The Federal Communications Commission today released a tip sheet to help consumers and businesses avoid paying unauthorized charges on their monthly phone bills.
The FCC says that "cramming," which basically means adding unauthorized charges to phone bills, is illegal and that carriers who engage in cramming can expect to be punished with heavy fines. Last week the FCC's Enforcement Bureau proposed slapping $11.7 million in penalties against four local telephone companies that the commission says levied unlawful fees on their customers.
In conjunction with this, the FCC put out several tips for how to identify cramming charges and how to report them to both your carrier and the FCC if necessary. The FCC says the first step is to know what to look for if you suspect you've been illegally charged. Most cramming charges are added fees on your phone bill for services that you didn't authorize, such as long-distance calling or voicemail. The FCC notes that these charges are often hidden in 20-page phone bills and can be given cryptic labels such as "monthly fee," "service fee" or "other fees."
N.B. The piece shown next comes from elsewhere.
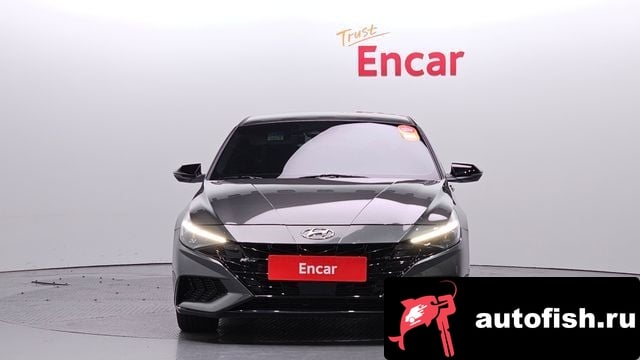Hyundai AVANTE Avante (CN7) 2021 года - вид 3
During his remarks on the FCC's new anti-cramming program today, FCC Chairman Julius Genachowski told a story about a woman in Missouri who had received long-distance calling fees on her phone bill even though she had never authorized the service. When she asked the company to send her the authorization form she supposedly signed, the company sent her a form with a different person's name, address and telephone number. Even then, Genachowski said, the company was only willing to reimburse her for a fraction of the faulty charges.
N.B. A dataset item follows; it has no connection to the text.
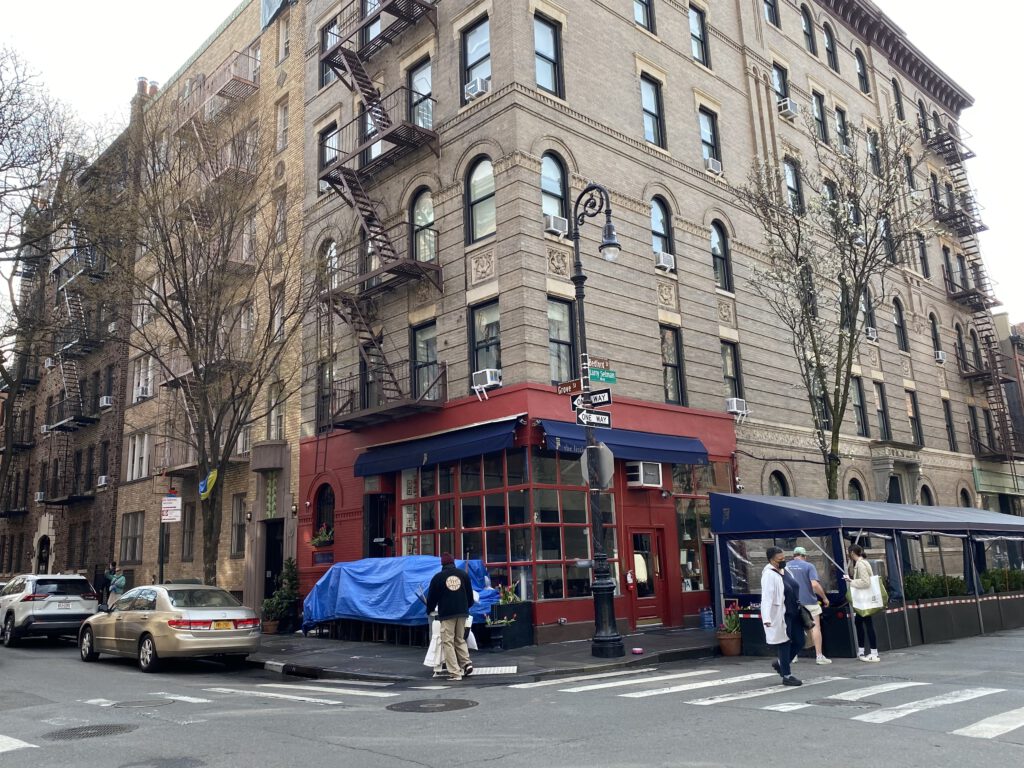 Friends Apartment West Village Manhattan New York City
The FCC says that stories like these are reasons for consumers to carefully go over their monthly phone bills and ask themselves key questions about whether they recognize all of the companies listed on the bill, whether they received services from those companies and whether the bill includes charges for calls they didn't make. The FCC says that if you come across a company whose name you don't recognize, ask the phone company to provide a detailed explanation of why the charge is there, including both the nature of the company making the charge and the service the company supposedly provided.
The FCC recommends first contacting the phone company directly to address faulty charges. But if the company proves unresponsive, the commission recommends filing a formal complaint against the company with either a state public service commission, the Federal Trade Commission or the FCC itself.
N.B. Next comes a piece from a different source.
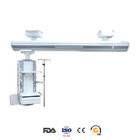 Double dome medical icu ceiling pendants with high-strength aluminum alloy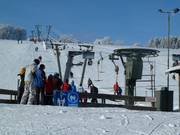 Skilift Donnstetten 3 - Skilift con T-bar/ancora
Over the past year the FCC has been holding a series of hearings about unexpected fees and charges that customers have been exposed to on their phone and Internet bills. Late last year the FCC announced a settlement with Verizon in which the carrier agreed to pay the commission $25 million as well as more than $50 million in refunds to customers who were billed for inaccurate data charges. The FCC also released a survey last year conducted by research firms Abt/SRBI and Princeton Survey Research Associates that found that 17% of U.S. cellphone users said that their bills had "increased suddenly from one month to the next [even if they] did not change the calling or texting plan" they subscribed to.